A victorious Prime Minister Brian Mulroney Tuesday said Canada had chosen the road to free trade with the United States and claimed a mandate to enact a controversial U.S.-Canada trade pact.
"Conservative Majority; Voters Back Trade Deal," the Globe and Mail, which calls itself Canada's national newspaper and had endorsed Mulroney's Progressive Conservative Party, said in its banner headline.The Toronto Star, which had bitterly criticized the trade agreement, said in an editorial that the "people of Canada have spoken convincingly.
"With this historic mandate, Mulroney assumes an awesome responsibility: Canadians have put their future and that of their children in his hands."
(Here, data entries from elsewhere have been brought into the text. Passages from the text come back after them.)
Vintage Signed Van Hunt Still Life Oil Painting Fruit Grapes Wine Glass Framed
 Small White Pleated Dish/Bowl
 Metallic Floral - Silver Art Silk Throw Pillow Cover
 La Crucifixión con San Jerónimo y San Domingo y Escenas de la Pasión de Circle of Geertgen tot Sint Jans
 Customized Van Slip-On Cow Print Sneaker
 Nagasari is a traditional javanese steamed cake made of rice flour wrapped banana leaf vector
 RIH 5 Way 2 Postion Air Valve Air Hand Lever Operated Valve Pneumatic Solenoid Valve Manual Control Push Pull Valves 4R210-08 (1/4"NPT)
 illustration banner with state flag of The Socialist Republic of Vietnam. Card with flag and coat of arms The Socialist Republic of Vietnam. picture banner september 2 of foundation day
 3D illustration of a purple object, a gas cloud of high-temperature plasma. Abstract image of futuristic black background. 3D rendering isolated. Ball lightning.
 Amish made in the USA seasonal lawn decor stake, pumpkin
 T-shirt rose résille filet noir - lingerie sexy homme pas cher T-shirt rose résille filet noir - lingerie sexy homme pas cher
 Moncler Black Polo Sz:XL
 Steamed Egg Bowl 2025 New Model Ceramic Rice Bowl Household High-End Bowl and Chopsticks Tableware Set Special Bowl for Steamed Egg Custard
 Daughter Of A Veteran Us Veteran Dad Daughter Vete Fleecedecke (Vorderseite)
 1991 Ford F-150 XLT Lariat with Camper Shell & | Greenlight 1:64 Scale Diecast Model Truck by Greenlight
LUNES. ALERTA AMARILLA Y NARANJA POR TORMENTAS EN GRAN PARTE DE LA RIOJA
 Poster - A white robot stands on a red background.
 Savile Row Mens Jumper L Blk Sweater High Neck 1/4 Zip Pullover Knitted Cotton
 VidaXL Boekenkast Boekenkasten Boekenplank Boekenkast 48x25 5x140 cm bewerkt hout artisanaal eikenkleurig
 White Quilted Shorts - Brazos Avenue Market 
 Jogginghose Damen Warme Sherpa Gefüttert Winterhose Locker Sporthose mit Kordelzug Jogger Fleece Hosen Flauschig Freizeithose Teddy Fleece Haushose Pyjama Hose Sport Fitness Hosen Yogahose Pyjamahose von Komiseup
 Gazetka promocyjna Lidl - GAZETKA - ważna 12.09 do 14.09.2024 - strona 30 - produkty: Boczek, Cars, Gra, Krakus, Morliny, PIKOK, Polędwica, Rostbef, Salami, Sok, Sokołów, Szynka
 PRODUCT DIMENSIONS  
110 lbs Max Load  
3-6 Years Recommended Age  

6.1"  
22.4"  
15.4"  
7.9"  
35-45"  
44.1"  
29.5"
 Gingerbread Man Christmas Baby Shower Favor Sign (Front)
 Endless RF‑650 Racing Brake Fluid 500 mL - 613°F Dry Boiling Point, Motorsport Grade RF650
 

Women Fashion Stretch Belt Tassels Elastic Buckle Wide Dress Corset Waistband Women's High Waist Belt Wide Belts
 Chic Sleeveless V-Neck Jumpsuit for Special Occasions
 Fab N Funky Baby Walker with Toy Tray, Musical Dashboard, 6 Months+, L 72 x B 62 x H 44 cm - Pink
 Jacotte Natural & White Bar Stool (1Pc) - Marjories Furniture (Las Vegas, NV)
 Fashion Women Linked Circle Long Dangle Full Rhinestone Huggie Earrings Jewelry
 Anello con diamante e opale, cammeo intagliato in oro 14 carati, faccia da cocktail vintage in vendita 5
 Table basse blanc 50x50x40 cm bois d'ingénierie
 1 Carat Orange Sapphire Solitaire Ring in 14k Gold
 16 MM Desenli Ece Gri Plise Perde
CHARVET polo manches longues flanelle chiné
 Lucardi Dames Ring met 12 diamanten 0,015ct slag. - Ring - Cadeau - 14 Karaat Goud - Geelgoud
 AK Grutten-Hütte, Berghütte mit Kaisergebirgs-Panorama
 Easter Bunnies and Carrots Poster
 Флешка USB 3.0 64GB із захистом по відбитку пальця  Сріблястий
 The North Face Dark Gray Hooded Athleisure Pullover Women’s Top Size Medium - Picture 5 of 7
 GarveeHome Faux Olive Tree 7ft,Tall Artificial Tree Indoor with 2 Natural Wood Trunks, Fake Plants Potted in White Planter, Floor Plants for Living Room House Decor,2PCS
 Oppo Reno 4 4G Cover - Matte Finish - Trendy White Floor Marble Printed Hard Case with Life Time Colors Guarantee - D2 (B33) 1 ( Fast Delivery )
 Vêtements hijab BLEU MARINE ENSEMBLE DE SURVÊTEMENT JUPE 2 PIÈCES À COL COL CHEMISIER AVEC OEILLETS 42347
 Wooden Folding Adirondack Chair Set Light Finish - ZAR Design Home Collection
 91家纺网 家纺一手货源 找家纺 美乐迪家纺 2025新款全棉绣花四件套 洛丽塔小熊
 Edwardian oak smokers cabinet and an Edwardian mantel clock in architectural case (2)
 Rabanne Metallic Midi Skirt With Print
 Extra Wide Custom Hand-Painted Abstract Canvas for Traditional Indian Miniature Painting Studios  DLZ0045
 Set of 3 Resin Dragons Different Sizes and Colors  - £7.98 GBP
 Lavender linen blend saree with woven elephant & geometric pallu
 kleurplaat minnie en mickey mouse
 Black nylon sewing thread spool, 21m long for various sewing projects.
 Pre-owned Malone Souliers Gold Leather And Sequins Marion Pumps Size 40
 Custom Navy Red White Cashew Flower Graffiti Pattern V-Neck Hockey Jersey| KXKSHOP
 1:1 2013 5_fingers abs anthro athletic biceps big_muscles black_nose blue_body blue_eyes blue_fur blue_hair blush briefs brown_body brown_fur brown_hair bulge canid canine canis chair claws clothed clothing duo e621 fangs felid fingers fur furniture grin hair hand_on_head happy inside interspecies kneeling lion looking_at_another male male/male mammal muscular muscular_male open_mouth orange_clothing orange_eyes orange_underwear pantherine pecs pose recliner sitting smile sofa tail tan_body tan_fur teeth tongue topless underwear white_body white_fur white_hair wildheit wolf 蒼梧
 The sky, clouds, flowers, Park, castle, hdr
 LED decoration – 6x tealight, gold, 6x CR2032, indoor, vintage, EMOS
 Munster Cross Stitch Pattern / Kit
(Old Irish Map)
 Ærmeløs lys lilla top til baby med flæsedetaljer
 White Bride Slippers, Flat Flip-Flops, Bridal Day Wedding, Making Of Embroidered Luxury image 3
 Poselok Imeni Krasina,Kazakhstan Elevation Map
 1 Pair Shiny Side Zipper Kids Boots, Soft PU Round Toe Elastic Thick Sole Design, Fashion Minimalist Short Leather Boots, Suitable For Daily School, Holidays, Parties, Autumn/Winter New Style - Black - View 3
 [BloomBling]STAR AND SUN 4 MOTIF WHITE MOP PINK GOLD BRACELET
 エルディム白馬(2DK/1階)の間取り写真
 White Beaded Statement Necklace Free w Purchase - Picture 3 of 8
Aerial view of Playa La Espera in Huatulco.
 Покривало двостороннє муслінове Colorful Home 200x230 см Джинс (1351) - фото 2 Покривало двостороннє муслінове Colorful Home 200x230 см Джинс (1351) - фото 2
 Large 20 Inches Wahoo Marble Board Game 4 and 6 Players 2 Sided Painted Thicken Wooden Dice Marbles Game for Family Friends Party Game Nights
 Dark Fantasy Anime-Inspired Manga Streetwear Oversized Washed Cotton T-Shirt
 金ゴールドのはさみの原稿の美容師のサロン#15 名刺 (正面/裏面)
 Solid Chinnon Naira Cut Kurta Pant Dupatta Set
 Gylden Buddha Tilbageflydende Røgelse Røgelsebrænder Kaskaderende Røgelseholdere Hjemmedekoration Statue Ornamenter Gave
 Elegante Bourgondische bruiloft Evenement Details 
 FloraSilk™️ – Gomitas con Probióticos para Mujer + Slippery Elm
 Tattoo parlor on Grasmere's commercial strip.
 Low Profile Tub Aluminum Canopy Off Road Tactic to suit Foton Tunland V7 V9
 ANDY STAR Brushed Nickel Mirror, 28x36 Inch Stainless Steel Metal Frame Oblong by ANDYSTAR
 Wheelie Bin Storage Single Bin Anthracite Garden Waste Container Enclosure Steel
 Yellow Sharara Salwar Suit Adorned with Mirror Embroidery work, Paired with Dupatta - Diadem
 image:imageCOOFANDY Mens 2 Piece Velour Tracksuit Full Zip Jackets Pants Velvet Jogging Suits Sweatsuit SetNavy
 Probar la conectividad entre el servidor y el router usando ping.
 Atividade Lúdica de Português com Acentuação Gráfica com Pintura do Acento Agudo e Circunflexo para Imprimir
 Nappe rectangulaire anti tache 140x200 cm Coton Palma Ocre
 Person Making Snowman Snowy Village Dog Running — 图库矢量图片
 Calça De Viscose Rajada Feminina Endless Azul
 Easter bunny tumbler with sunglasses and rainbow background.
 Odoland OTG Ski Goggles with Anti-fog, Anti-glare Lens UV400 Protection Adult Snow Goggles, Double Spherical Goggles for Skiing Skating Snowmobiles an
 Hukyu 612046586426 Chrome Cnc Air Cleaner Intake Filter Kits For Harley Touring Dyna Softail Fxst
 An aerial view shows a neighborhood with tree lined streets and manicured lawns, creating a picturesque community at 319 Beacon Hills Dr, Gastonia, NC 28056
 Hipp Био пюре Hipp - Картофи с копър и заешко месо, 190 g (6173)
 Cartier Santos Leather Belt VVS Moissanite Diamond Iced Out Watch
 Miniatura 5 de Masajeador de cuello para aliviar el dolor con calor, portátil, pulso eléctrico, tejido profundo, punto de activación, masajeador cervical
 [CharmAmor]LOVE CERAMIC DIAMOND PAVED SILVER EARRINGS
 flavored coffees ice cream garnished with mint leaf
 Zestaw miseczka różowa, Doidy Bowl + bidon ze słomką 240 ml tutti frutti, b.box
Voters returned Mulroney to office with 169 seats in the 295-seat House of Commons. He said he would call legislators promptly into session to pass the bill.
Mulroney told a midnight rally in Quebec that Canadians have "indicated the road they wish to follow. Now it is a time for healing in the land."
He defeated two rivals who based their campaign on oppositiion to the trade pact Mulroney signed with President Reagan. They claimed Mulroney's free-trade program would subordinate Canada to the United States and ultimately rob Canada of its sovereignty.
In Port Clear, Ala., President-elect George Bush said he welcomed the Mulroney victory, with whom he said he had a "special kind of friendly personal relationship."
Mulroney's victory "was most interesting because to a degree it was a referendum on getting the free-trade agreement through," Bush told 20 Republican governors and two governors-elect at a meeting.
Official figures with 95 percent of the vote counted showed the opposition Liberal Party led by John Turner with 82 seats, more than double its 40 of four years ago, and the socialist New Democratic Party of Ed Broadbent with 44 seats, up from 30
The popular vote broke down to about 43 percent for the Conservatives, 32 percent for the Liberals and 20 percent for the New Democrats, with the turnout at about 75 percent of the 17.5 million eligible voters.
The Canadian Press news agency said the Conservatives had 5.4 million votes, the Liberals 4.05 million and the New Democrats 2.4 million.
The Canadian dollar, which had been jittery throughout the campaign as investors hesitated at a possible Conservative defeat, surged on international markets to trade at more than 83 cents.
The Conservatives saw their power erode somewhat in the newly expanded 295-seat House of Commons. They won 169 races on Monday as compared to 211 out of 282 seats in the 1984 election.